Mary Ahern has green thumb for botanicals, business

Art Naturally Posted on January 3, 2008 by Mary AhernApril 1, 2009  
Excerpt of Article posted in The Times of Northport

Artist cultivates her livelihood like a garden

By Arlene Gross
June 13, 2007 | 02:39 PM

Northport resident Mary Ahern is a successful artist who practices a unique technique she describes as. “Digital Mixed Media Painting”.

Mary Ahern has green thumb for botanicals, businessBut Ahern, who… (was) among the exhibitors at Arts in the Park in Northport July 8, (2007) was not born an artist. “I didn’t come to paint until I was older,” she said. “I didn’t even know I had a facility for it.”

As a young girl, she focused on music: playing trumpet and saxophone for the high school band and conducting her Fort Hamilton High School graduation in Brooklyn with a rousing rendition of Beethoven’s Fifth Symphony.

“I’ve been in the bleeding edge of those kinds of issues,” she said. “In those days, girls didn’t conduct.”

A life-changing moment came in her 20s, when a friend gave her a coffee table book of Georgia O’Keeffe’s paintings.

“I opened it up and turned the pages and wept,” she recalled. “It was completely transforming. I could only look at 10 pictures a day, it was so overwhelming.”

From that moment, Ahern knew she must study art and, then a resident of Queens, attended Queens College.

Although she was influenced by O’Keeffe and painted similar subjects, such as close-up and sensual florals, Ahern said she did not mimic her idol’s technique. Whereas O’Keeffe painted with direct and rapid strokes, Ahern’s traditional paintings were created in grisaille, or gray scale, and layered with washes of pigment on top, giving the subjects a glow through the optical blending of glazes of pigment.

After divorcing her first husband, Ahern took a job at Barnard College’s career counseling office, where she herself was able to get some career guidance. Through her Barnard position, she attended Columbia University for free by working there while raising sons, Chris and Michael, then ages 10 and 8.

“I knew if I couldn’t stay home and be a mom and paint, I had to make a decision: I’m going to make as much money as possible,” she said.

With profit in mind, Ahern went into technology sales, selling computer graphics and eventually becoming Northeast regional sales manager at Chyron Corporation in Melville (and a National Marketing Manager at The Dynatech Video Group.) Then she started Online Design, a digital graphics company.

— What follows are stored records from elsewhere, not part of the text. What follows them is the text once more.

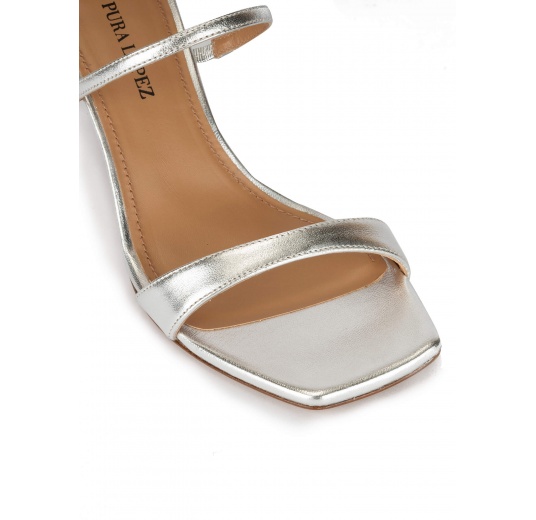 Silver leather ankle strap mid-heeled sandals Pura López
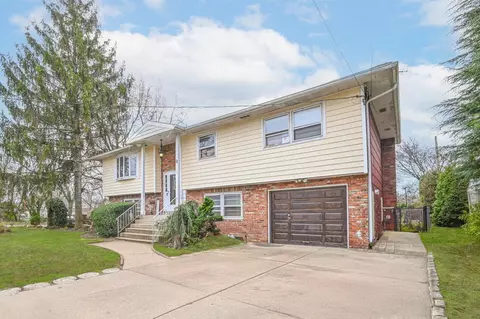 82 Coventry Gdns, Lynbrook, NY 11563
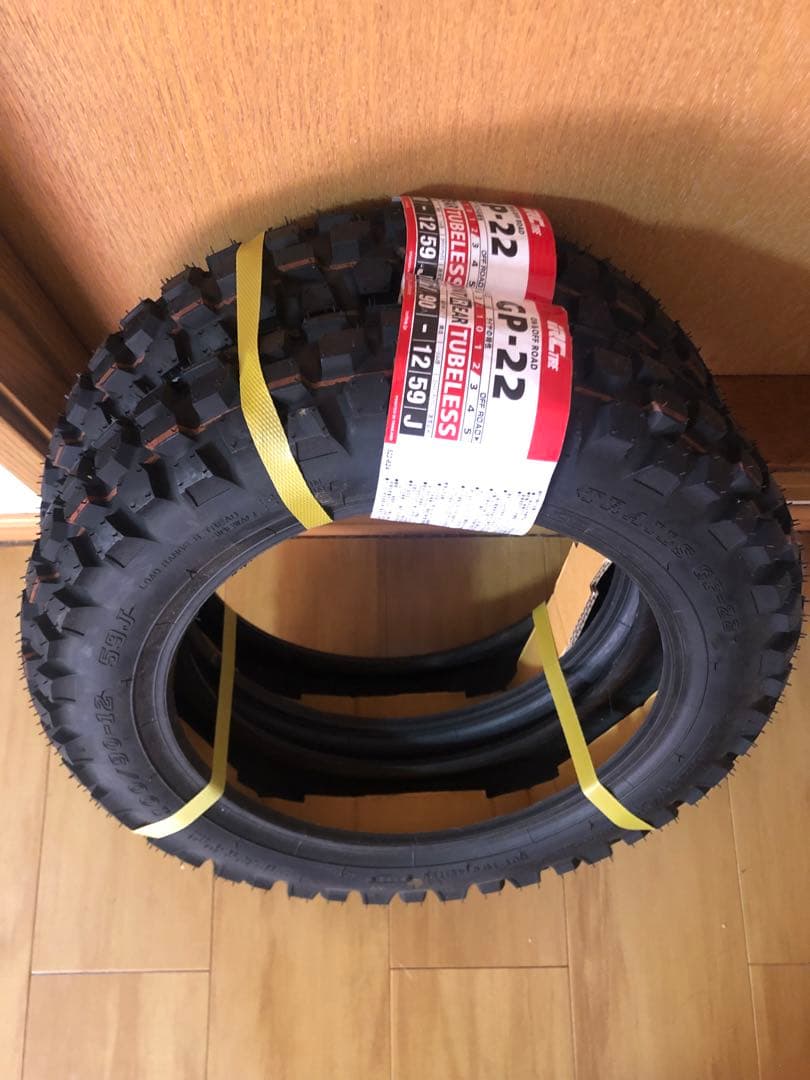 iRC GP-22 100/90-12 59J 未使用 2本セット
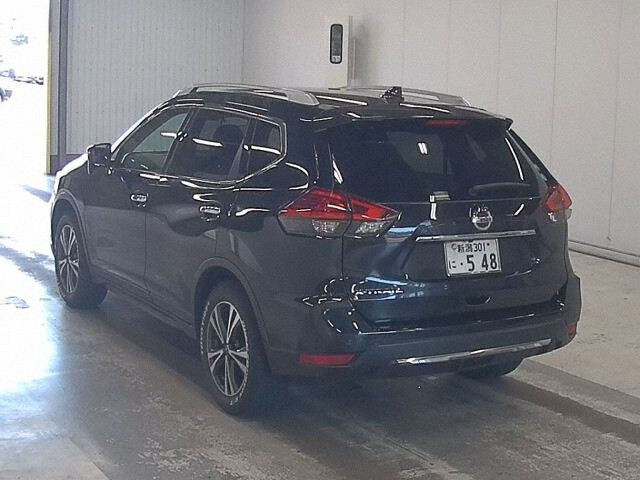 2018 Nissan X-Trail 20X 4WD auction photo 2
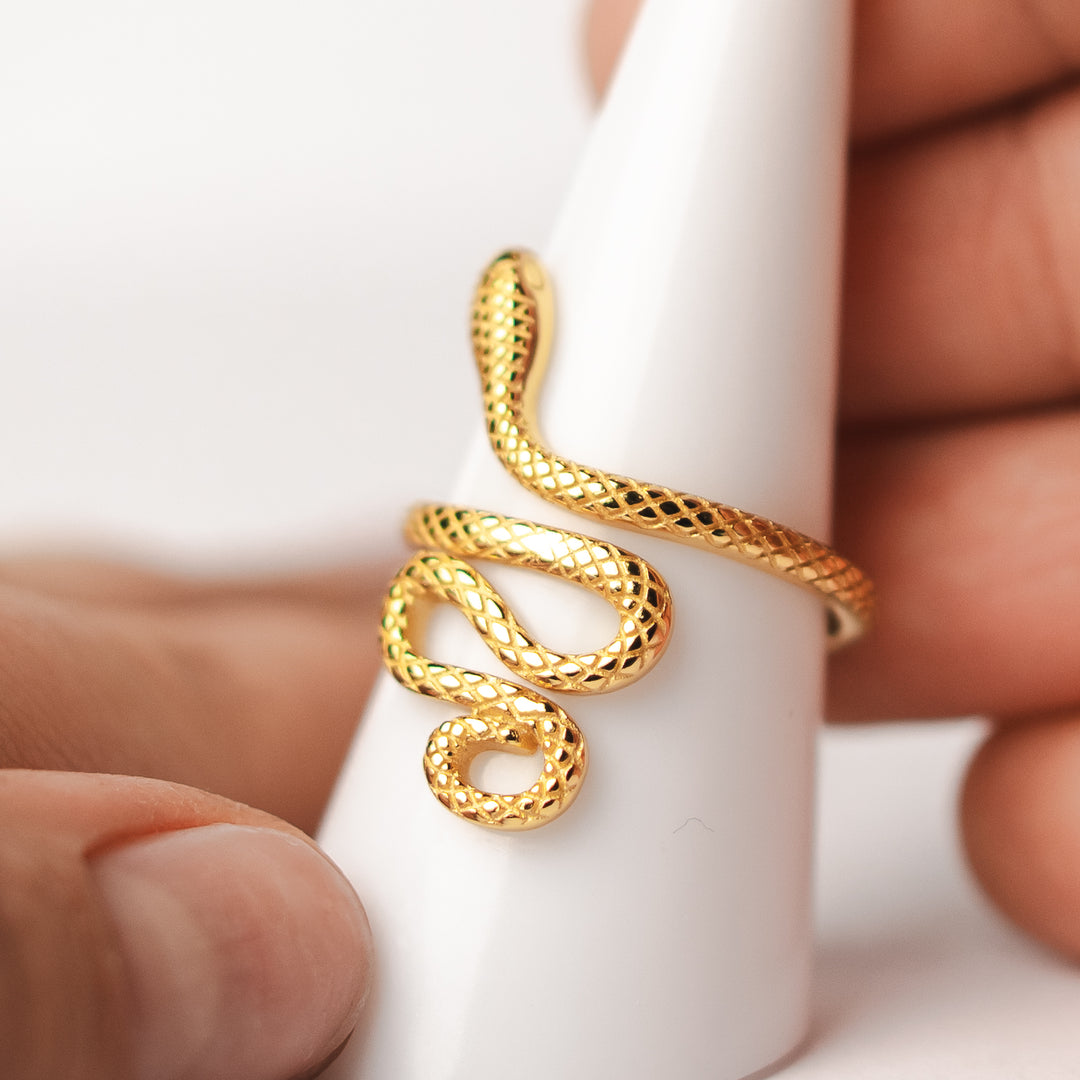 Anillo ajustable serpiente bañado en oro –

For Ahern, feminism was not a word to bandy about but, rather, her day-to-day reality – working as a single mother in a male-dominated industry.

“My single-minded focus on providing a good life for my sons enabled me to ignore the tremendous obstacles, prejudice, emotional assault and loneliness that comes from breaking through social barriers,” she said. “I, like my father, pulled myself up by my bootstraps. As a woman in a male industry however, I, like Ginger Rogers, did everything in high heels and backwards.”

In 1989, Ahern fulfilled her dream of buying a house with a spacious garden in Northport, which she said, “was like a step back in time to a slower and more gracious lifestyle.”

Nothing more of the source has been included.